> **PROBLEM STATEMENT**: What is needed here is every record, retyped without any change.

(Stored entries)

────

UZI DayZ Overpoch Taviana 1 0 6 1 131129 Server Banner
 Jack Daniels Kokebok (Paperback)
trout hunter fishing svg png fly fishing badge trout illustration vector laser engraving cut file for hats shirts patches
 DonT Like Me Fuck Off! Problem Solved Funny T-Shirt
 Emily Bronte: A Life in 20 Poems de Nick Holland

────

> **PROBLEM SOLUTION**:
UZI DayZ Overpoch Taviana 1 0 6 1 131129 Server Banner
 Jack Daniels Kokebok (Paperback)
trout hunter fishing svg png fly fishing badge trout illustration vector laser engraving cut file for hats shirts patches
 DonT Like Me Fuck Off! Problem Solved Funny T-Shirt
 Emily Bronte: A Life in 20 Poems de Nick Holland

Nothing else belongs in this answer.